What is butted steel tubing?
A butted steel tube has a constant outer diameter but varying wall thickness throughout the length of the tube. In steel bicycles, tubes are usually either double or triple-butted. That means there are either two or three (respectively) different wall thicknesses throughout its length, each with a slight taper in between. These extra butts are on both ends of the tube, leaving the tube’s middle section with the thinnest wall thickness.
Think of a butted steel tube as the complete opposite of Tom’s mustache: thinner in the middle and thicker on either end.
Whether a tube is single, double, or triple-butted, the outside diameter is almost always constant. However, as with most things in life, there are exceptions to this. And those exceptions are usually found on the seat tube. Sometimes an external butt is added to the top side of the seat tube to ensure a proper fit with a seat post without losing any tube strength.
So how does one determine a tube’s butting? If you’re buying a bike, check the manufacturer’s website for butting information. If you’re building a bike and need to check your tubesets butting, there’s really one tool for the job: the Butt Checker.
What are the benefits of butted steel tubing?
By varying a tube’s wall thickness in critical spots, the resulting bike has a much more comfortable and compliant ride. The thinner middle sections of the tube provide just the right amount of compliance, while the thicker, welded ends provide stiffness as you power up a climb or out sprint your riding buddies to the bar. Reducing material in the middle of the tube also drastically reduces the overall weight of the frame.
Butting also increases strength in areas that need it most without adding a ton of extra weight to the rest of the bike. While you can certainly build a bike out of non-butted straight gauge steel tubing, there’s a higher chance of the frame failing at the welds. Unless it’s a lugged frame.

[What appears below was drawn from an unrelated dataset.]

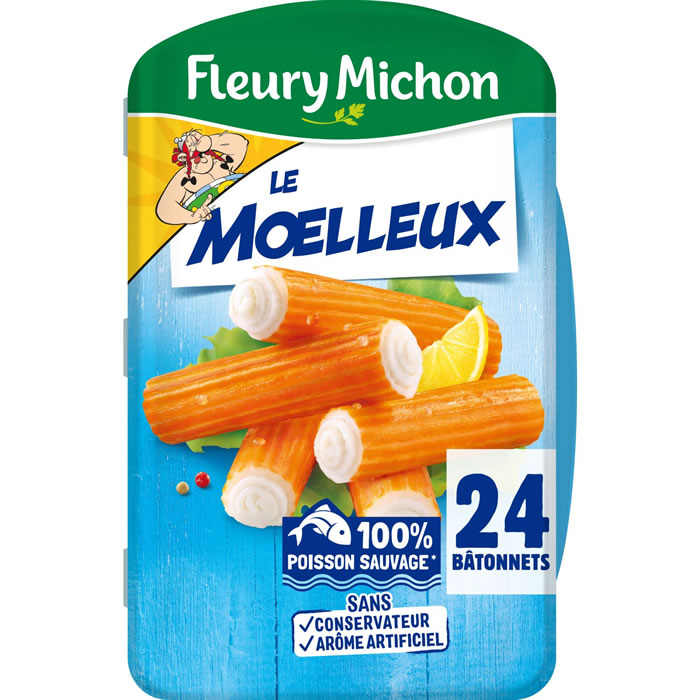 FLEURY MICHON Bâtonnets de surimi MSC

Lugged frame construction moves the extra material, or butts, to the outside via the socket-like lugs into which single-butted tubesets can be brazed. By skipping the lugs and adding the additional material to the inside of the tube, frame builders and manufacturers can weld the tubes together directly at the joints keeping weight down.
The Ritchey Difference
We use our own proprietary, triple-butted Ritchey Logic tubing for all of our steel bikes. We might be a bit biased, but we’re of the opinion that our steel tubing is the best in the world and maximizes all the benefits that steel has to offer. While we’ve made updates here and there to our tubing, today’s Ritchey Logic steel is much the same as it was when Tom first developed it back in 1984.
Tom originally designed Ritchey Logic tubing for his own lugless style of construction. He later refined it for tig-specific construction to allow for an even shorter butting profile to save weight and enhance the ride quality. He added elongated, thin-walled center sections and rethought the single bend chainstay combined with an ovalized seat tube at the bottom bracket to stiffen this region for better power transference.
Those attributes, along with the custom triple-butted profile of Ritchey Logic tubing, all combine to deliver that legendary Ritchey ride quality. It’s why our bikes are so resilient over super harsh terrain and unbelievably responsive under hard efforts.
But it isn’t just our frames that get a butting treatment.
While our handlebars are made of drawn alloy and not steel, we still use custom-butting profiles in their construction. While the application might differ from frame butting, the principle is the same. Adding extra butting to key spots of a handlebar adds compliance and strength to the bar without increasing weight. Depending on the level of the bar, we use either a double-butted (Comp) or a triple-butted (WCS) profile on all of our handlebars.
So there you have it. You should now have enough butt knowledge to better understand the differences in double- and triple-butted steel and why they matter to a bike’s overall ride quality.